The place is loaded with ’50s diner appeal, white tiled walls, bright red and blue accents, oversized circular windows, and an exterior that was most certainly lowered into place by an alien ship inhabited by extraterrestrials infatuated with the diner age of beatniks and big body Chevys. It’s a classic, no-frills hot dog joint outfitted to welcome Little League teams on the weekends after a triumphant 9th-inning rally. Or it could host all walks of lunch-time meat lovers who will most certainly become regulars. The menu boasts a formidable variety of hot dogs, Americana sides, and custard shakes. Now that I mention it, I didn’t notice the shakes when I was there, and now I’m disappointed that I couldn’t round out my meal with one.
I approached the counter and ordered three different styles along with two sides. You can choose between “New Hots” or “Good Ol’ Hots,” as well as a Burger Dog made from ground beef or a Sea Dog made from North Atlantic fried cod. I wanted to shove them all in my mouth at once. I started my order with an Avocado Pico Dog with a classic German Frank. It had Tex-Mex zest, light spice, and a cold freshness. The ingredients were stacked high, and it required two chomps to get every component in my mouth. I didn’t fight it. I would suggest the larger kielbasa for this dog, though, since the little German frank was somewhat overpowered by the tower of delicious ingredients. Next up: the standard issue Chili Cheese Dog. With the crumbly ballgame chili, thinly shredded cheddar, and an easy loving sauce atop the mighty kielbasa, this busty little meat wagon was mild and big with substantial staying power and an oh-so-bad goodness. The nuns might reconsider their devotions after filling their bellies with this classic rendition of such naughty indulgence.

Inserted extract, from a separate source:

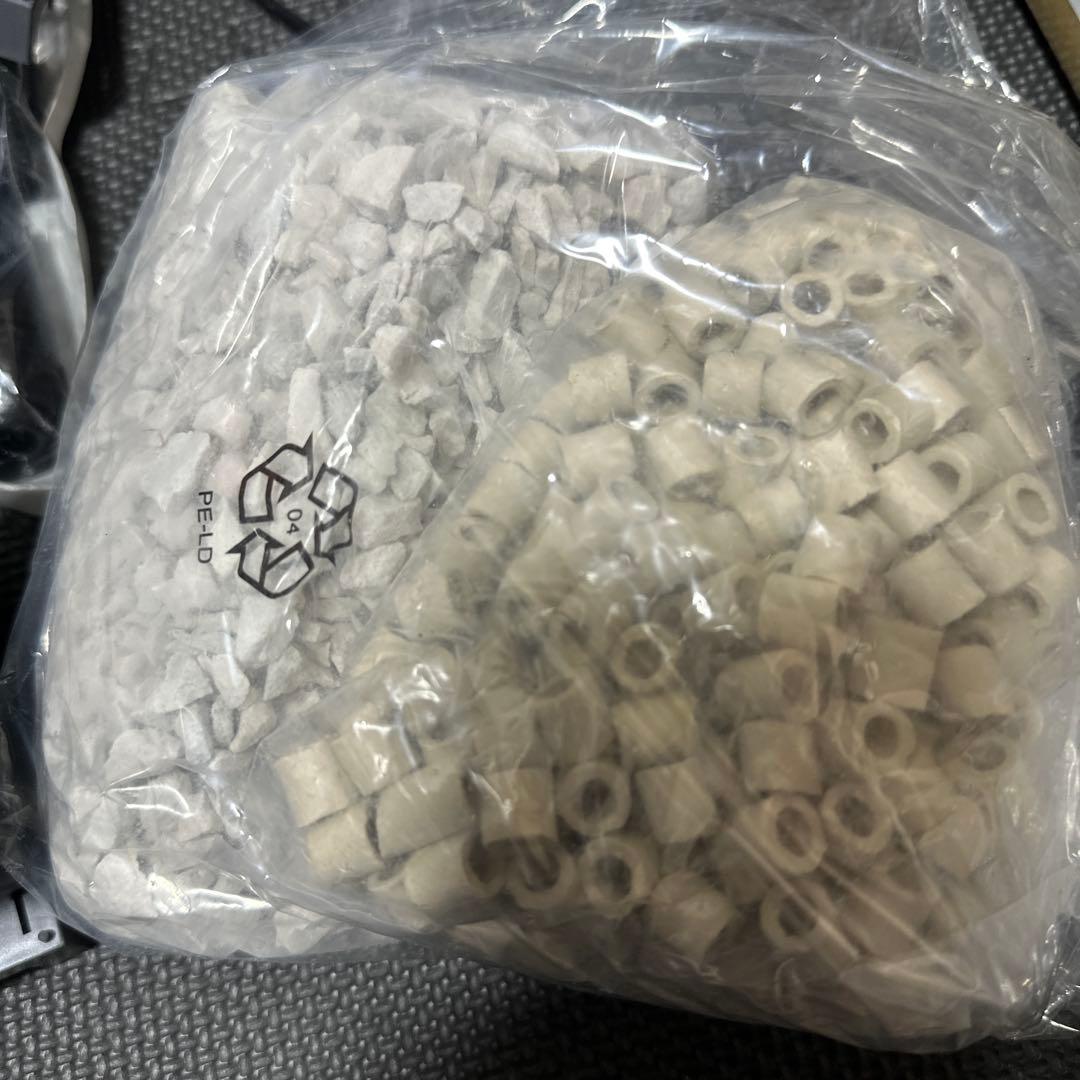 水槽セット　半年のみ使用　備品もいっぱいあります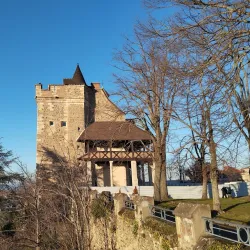 Château des Ducs de Bourbon - Montlucon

I wolfed down two of their simple sides to compliment my dogs: the tater tots and the chili mac ‘n’ cheese. They won’t make any “best of” lists, but they still satisfy. Finally, I tried the Sweet and Smoky Dog. The name is no lie, and I found myself tenderly huddled in Mr. Romano’s arms after finishing it off, which is why I’m no longer allowed in any of his restaurants. It was worth it. Crunchy bacon sat on top of a hefty kielbasa inside beautifully crisp, grilled buns, and the under layer of smoked Gouda and pimento balanced wonderfully with the maple glaze that was remarkably subtle and rewarding in every bite. It wasn’t terribly heavy, and the bacon did not overpower. I woke up later in the night with the words “Sweet & Smoky” drawn across my floor-to-ceiling bedroom mirrors, written in red lipstick. I don’t know where I got the lipstick, but such is life.